VeriSign is not allowed to purchase more then 5000 .COM domain names under the registry agreement. The registry agreement states that a domain is considered registered under the agreement if the registry generates a DNS resource record that is published authoritatively. VeriSign does just that when they generate DNS records for all non-existent domains. They resolve all these all non-existent domains to an actual website for those domains then redirect it back to their own SiteFinder pay-per-placement search program.

VeriSign justifies SiteFinder by calling it a “service” and says it helps users by giving them a friendly search page instead of a non-existent domain message. Some modern Internet browsers such as Internet Explorer see this non-existent error message and instead return their own similar search page. If an Internet Explorer user doesn’t want to see Microsoft’s default search page they could install different plug-ins to handle the DNS error, or the user could choose a different browser. But in either case, the user has an option.
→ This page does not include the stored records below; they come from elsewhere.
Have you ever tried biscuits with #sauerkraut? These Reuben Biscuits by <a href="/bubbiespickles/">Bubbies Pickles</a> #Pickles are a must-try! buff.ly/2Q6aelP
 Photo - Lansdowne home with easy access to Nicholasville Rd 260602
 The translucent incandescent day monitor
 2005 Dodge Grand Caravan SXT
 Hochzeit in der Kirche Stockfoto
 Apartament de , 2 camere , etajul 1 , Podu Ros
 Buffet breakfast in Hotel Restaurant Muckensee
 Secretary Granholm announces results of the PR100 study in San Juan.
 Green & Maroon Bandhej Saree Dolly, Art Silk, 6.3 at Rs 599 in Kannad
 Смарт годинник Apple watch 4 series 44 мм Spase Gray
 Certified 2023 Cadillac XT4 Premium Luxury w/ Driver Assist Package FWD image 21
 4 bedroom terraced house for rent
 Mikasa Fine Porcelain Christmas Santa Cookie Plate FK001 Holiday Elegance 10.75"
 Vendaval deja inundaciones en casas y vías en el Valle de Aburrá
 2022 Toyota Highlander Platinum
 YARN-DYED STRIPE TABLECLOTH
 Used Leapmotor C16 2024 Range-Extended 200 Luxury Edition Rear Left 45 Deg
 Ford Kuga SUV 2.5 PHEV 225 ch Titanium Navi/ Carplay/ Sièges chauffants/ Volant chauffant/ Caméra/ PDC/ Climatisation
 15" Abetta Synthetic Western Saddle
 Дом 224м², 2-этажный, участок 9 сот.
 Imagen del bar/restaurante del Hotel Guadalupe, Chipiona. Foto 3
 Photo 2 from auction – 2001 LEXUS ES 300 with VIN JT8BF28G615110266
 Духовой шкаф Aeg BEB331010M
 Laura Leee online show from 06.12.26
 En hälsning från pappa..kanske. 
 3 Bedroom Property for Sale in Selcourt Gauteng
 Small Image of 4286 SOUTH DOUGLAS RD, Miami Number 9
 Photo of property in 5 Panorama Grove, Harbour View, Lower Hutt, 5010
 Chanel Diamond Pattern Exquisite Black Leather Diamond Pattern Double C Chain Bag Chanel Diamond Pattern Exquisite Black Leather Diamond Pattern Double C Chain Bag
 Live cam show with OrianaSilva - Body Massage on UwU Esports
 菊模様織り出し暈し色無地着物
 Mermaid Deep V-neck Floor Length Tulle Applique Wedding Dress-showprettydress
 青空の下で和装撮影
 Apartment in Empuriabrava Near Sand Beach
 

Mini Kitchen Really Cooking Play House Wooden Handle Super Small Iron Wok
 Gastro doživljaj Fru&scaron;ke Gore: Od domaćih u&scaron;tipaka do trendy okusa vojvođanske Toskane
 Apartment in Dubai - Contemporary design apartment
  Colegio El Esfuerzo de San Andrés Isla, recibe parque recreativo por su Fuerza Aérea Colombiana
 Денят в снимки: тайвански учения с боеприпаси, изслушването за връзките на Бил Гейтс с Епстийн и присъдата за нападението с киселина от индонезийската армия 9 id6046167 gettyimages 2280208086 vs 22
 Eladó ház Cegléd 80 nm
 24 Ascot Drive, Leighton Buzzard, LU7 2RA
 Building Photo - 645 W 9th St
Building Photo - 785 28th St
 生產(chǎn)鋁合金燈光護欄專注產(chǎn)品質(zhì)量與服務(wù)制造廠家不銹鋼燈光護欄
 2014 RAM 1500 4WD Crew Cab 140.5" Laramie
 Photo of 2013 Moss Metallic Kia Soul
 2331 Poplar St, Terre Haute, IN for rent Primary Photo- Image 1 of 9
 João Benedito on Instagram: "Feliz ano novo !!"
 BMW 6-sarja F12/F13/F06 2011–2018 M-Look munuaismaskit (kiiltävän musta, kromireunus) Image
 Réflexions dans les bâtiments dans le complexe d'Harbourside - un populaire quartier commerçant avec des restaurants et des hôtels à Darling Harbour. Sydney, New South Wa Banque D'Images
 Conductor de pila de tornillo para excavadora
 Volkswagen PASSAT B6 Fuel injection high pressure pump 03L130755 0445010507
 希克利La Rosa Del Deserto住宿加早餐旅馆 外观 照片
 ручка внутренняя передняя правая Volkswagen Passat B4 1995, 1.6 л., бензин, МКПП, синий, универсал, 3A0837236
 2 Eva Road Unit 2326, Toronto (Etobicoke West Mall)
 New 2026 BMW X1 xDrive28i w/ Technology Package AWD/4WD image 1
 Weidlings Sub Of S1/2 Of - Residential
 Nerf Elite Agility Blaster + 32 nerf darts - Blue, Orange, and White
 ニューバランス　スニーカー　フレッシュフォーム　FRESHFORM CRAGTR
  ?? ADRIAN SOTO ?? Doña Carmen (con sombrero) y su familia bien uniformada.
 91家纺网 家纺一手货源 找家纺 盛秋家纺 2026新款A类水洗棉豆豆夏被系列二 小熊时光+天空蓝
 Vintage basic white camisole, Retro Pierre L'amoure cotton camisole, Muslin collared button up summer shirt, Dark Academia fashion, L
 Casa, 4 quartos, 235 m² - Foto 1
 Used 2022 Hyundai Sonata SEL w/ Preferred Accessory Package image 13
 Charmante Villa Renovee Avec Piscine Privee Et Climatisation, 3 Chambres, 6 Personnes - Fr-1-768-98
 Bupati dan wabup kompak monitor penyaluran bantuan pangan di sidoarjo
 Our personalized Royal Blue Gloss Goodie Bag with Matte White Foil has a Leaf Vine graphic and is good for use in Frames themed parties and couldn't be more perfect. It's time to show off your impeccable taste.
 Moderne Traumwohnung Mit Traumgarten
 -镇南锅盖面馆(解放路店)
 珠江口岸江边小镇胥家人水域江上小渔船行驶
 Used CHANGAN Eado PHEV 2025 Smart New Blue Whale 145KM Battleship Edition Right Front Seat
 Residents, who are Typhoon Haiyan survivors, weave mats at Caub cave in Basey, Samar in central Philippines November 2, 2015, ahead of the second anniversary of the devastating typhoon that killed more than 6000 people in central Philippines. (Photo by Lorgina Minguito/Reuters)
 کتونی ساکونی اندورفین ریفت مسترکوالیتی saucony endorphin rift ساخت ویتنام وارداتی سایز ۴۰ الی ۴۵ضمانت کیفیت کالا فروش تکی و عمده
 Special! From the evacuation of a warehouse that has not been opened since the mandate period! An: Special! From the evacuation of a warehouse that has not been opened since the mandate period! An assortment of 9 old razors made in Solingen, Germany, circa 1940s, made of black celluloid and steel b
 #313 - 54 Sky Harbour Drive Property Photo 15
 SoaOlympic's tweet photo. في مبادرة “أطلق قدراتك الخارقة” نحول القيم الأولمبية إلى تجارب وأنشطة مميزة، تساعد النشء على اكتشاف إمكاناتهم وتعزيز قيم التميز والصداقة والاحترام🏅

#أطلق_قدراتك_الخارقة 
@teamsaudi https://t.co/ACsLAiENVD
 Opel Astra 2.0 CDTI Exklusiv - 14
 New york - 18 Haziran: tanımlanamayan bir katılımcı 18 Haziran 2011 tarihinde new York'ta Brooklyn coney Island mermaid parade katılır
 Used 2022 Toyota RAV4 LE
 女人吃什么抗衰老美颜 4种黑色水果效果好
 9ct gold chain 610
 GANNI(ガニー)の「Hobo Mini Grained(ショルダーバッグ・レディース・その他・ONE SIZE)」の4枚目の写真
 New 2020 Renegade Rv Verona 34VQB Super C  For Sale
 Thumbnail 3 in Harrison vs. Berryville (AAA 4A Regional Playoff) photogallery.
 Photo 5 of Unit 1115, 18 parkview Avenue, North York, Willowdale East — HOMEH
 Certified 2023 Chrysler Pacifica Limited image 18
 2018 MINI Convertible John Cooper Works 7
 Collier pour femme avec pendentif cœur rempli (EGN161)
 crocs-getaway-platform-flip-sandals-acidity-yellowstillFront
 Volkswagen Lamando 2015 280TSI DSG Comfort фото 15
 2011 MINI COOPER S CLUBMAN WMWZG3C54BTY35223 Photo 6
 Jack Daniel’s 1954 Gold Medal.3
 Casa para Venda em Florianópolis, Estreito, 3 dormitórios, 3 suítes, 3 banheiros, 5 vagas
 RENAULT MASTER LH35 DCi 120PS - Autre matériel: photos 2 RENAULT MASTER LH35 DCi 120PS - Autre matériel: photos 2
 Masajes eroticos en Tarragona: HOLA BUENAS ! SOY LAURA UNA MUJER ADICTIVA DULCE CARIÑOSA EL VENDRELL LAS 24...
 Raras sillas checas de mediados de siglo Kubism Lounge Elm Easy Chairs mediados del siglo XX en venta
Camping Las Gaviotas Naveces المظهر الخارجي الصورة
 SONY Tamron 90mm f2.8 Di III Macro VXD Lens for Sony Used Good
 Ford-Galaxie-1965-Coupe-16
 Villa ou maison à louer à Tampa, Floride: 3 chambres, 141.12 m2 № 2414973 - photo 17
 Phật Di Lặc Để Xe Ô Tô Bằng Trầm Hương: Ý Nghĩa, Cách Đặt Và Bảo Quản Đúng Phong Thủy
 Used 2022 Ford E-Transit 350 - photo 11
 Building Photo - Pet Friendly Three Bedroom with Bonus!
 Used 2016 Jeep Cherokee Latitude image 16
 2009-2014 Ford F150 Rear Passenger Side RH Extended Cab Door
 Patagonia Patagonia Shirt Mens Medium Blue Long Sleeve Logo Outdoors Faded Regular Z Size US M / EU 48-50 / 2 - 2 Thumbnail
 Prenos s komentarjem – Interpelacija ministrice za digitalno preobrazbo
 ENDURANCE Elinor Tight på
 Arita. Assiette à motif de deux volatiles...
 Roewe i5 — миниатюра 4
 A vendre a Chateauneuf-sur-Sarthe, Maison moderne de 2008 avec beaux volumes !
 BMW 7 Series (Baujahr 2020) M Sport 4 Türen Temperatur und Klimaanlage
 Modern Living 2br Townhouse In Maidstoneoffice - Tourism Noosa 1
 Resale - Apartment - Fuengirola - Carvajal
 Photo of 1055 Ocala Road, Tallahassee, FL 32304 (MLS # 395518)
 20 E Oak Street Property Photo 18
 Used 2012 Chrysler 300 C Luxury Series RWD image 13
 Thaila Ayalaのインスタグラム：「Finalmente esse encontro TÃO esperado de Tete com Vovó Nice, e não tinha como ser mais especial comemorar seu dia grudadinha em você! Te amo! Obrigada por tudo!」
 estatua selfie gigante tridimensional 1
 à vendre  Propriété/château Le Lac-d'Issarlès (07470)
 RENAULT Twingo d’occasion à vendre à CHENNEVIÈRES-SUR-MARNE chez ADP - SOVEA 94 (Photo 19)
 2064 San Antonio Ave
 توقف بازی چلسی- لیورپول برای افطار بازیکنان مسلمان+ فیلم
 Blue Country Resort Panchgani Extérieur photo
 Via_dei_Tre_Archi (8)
Internet users world wide don’t have any choice because VeriSign is the sole authoritative root server which operates the .COM database.

Applications and devices like cell phones, email, search engines, and automated programs handle the error messages differently; it would be naive for VeriSign to think only humans with browsers rely on DNS. When a user enters a non-exist domain name on their cell phone the DNS error message would prevent downloading. Now cell phones download VeriSign’s SiteFinder webpage and Service Providers bill the cell phone user for that extra usage. SPAM prevention programs also rely on this error message to check to see if the domain is real. Automated programs just don’t appreciate SiteFinder in the same way VeriSign intended for Humans to enjoy it. Not that many humans appreciate being monetized for typographical errors.

Makers of DNS software such as BIND have released patches that hack around VeriSign’s program. However, VeriSign can alter their approach and make such patches null and void. If there were an arms race between the Authoritative Root for .COM and software makers, the winners would always be VeriSign.

We as the Internet community should insist ICANN enforce their contract with VeriSign and that VeriSign stop registering all non-existent domain names. US citizens should contact their representatives in Congress and ask their Senators to leverage their influence on ICANN.

With VeriSign making over 1 million dollars a day on this program, they can afford to hire the best attorneys thus prolonging their fight until a judge orders them to comply. VeriSign has said they will not comply without a fight.

I urge you and any of your customers to sign the petition located at http://www.whois.sc/verisign-dns/

A custodian of a World asset should be held to higher standard. It is all about the value of Trust.